How Google Works

Click here for a map to the Googleplex (Google's headquarters)

How do Search Engines Work?

Extract from http://www.lib.berkeley.edu/TeachingLib/Guides/Internet/SearchEngines.html

Search Engines for the general web do not really search the World Wide Web directly. Each one searches a database of the full text of web pages automatically harvested from the billions of web pages out there residing on servers. When you search the web using a search engine, you are always searching a somewhat stale copy of the real web page. When you click on links provided in a search engine's search results, you retrieve from the server the current version of the page.

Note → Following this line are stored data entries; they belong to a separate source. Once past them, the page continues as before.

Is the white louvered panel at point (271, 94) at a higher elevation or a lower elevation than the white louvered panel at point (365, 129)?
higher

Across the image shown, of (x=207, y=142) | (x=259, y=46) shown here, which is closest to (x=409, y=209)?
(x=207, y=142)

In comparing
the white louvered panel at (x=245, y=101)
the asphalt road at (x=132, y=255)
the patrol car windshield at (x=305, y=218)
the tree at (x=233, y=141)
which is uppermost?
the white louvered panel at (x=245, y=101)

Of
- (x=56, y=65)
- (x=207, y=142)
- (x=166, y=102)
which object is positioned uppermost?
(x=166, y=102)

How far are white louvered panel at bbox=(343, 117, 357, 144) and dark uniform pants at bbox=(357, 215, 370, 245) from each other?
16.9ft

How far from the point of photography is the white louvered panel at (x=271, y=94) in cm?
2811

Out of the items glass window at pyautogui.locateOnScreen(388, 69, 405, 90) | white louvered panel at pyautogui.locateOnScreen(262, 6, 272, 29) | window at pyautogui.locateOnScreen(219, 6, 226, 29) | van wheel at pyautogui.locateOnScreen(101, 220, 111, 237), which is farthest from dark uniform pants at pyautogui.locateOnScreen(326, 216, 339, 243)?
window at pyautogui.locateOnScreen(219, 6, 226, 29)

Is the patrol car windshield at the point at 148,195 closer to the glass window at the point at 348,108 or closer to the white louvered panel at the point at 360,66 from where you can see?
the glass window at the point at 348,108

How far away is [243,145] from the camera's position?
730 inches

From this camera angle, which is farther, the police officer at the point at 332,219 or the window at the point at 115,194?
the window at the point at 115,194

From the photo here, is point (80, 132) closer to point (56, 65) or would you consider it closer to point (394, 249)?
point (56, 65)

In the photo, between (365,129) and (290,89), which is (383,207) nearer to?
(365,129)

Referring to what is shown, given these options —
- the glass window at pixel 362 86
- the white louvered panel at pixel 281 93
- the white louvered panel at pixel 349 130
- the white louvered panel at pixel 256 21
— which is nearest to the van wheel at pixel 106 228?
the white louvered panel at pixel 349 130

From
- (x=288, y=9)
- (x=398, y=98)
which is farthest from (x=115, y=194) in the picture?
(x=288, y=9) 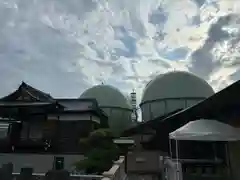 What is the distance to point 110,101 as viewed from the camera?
24.5 metres

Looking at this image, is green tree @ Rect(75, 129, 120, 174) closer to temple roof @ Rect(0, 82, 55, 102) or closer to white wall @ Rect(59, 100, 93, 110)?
white wall @ Rect(59, 100, 93, 110)

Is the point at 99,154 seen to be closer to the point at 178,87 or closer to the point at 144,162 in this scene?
the point at 144,162

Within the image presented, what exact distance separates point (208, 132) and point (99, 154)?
7123 mm

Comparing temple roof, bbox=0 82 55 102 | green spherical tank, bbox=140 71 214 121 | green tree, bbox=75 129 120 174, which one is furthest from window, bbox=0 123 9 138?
green spherical tank, bbox=140 71 214 121

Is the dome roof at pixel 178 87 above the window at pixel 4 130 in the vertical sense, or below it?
above

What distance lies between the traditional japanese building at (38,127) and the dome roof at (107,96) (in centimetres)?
689

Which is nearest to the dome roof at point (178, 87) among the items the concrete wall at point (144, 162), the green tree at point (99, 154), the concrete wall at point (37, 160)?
the concrete wall at point (144, 162)

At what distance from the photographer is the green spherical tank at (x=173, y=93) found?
19656mm

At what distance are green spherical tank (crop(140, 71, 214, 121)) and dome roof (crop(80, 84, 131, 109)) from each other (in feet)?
11.8

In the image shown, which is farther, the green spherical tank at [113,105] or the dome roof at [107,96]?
the dome roof at [107,96]

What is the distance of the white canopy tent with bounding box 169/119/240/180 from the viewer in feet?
20.1

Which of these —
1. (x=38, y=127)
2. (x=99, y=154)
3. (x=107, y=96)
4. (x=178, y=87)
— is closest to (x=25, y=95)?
(x=38, y=127)

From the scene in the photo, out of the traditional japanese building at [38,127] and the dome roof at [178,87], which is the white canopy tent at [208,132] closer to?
the traditional japanese building at [38,127]

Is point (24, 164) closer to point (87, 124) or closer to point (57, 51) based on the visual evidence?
point (87, 124) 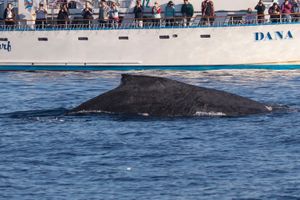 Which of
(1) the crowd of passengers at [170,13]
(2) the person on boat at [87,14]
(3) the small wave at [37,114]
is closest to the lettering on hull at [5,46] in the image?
(1) the crowd of passengers at [170,13]

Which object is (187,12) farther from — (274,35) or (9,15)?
(9,15)

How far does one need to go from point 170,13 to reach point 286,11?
6478 mm

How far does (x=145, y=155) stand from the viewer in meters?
32.5

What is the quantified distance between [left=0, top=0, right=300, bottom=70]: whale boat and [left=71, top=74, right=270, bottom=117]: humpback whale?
1007 inches

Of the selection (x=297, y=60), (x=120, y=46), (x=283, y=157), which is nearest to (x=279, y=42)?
(x=297, y=60)

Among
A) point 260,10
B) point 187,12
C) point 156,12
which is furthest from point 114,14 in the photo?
point 260,10

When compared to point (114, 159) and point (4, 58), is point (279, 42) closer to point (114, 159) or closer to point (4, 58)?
point (4, 58)

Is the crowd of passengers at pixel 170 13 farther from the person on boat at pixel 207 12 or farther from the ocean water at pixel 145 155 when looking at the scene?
the ocean water at pixel 145 155

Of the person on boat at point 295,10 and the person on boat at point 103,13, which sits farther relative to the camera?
the person on boat at point 103,13

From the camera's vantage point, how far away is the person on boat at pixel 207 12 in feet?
208

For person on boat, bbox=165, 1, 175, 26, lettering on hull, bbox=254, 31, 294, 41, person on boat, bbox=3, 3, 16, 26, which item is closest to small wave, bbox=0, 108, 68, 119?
person on boat, bbox=165, 1, 175, 26

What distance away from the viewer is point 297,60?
6631 cm

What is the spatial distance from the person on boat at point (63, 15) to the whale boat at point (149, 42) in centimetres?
33

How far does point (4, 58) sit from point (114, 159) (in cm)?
3818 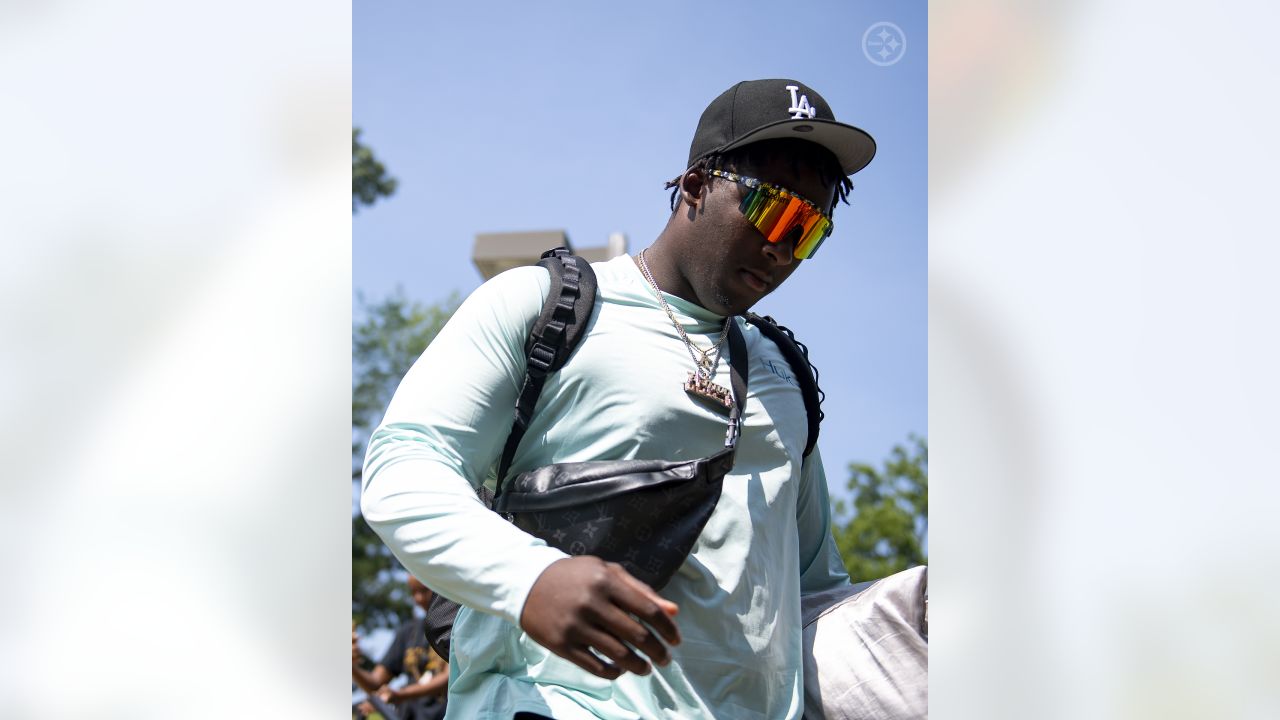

Search engine databases are selected and built by computer robot programs called spiders. These "crawl" the web, finding pages for potential inclusion by following the links in the pages they already have in their database (i.e., already "know about"). They cannot think or type a URL or use judgment to "decide" to go look something up and see what's on the web about it. (Computers are getting more sophisticated all the time, but they are still brainless.)

If a web page is never linked to in any other page, search engine spiders cannot find it. The only way a brand new page - one that no other page has ever linked to - can get into a search engine is for its URL to be sent by some human to the search engine companies as a request that the new page be included. All search engine companies offer ways to do this.

After spiders find pages, they pass them on to another computer program for "indexing." This program identifies the text, links, and other content in the page and stores it in the search engine database's files so that the database can be searched by keyword and whatever more advanced approaches are offered, and the page will be found if your search matches its content.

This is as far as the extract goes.